Great Lakes compact focus shifting to Congress

By JOHN FLESHER, Associated Press Writer
Sun Jun 29, 8:05 PM ET

TRAVERSE CITY, Mich. - A year ago, it seemed a proposed interstate compact designed to prevent thirstier regions from raiding the Great Lakes might be sunk by squabbles among the eight states with jurisdiction over the vast reservoir.

Now the deal to govern nearly one-fifth of the world's fresh surface water is close to ratification at the state level, and supporters are beginning to plot strategy for the final step: winning approval from Congress and the White House.

On the surface, the task would appear easy. Congress has endorsed more than 200 interstate compacts over the years, including 41 dealing specifically with water management. They regulate use of some of the nation's primary water sources, such as the Colorado and Delaware rivers.

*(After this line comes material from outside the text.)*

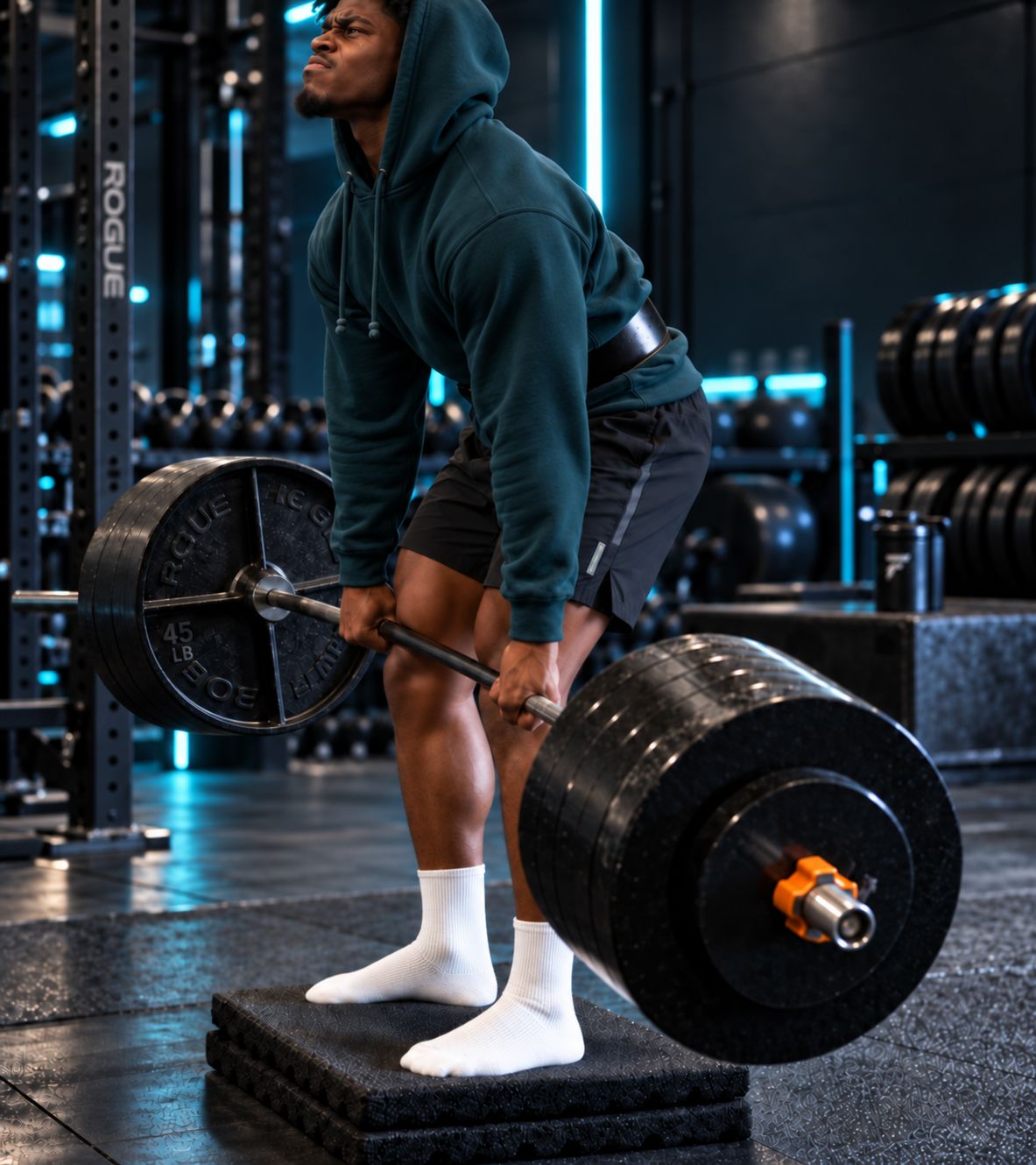 side-on view of lifter performing deficit deadlift from 3cm platform, lower starting position visible, hip and back angle comparison shown against standard setup in the same frame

Leading supporters of the Great Lakes pact say they're aware of no significant opposition in Congress or from the Bush administration. Sens. John McCain and Barack Obama, the likely presidential nominees, both have endorsed it.

But backers remain wary. After all, it was fear of water grabs by other sections of the country — or even from overseas — that inspired the eight states to negotiate their deal.

"There's a sense of urgency because this is an increasingly valuable natural resource at a time when significant growth is taking place in water-short areas," said David Naftzger, executive director of the Council of Great Lakes Governors.

The governors were jolted into action a decade ago when a Canadian company obtained a permit from Ontario to ship tankers of Lake Superior water to Asia. The company dropped its plan in the face of withering criticism. But legal experts said the lakes needed stronger protection.

After years of haggling, the governors signed the compact in December 2005. They couldn't make a binding agreement with Ontario and Quebec, but both provinces adopted laws nearly identical to the compact.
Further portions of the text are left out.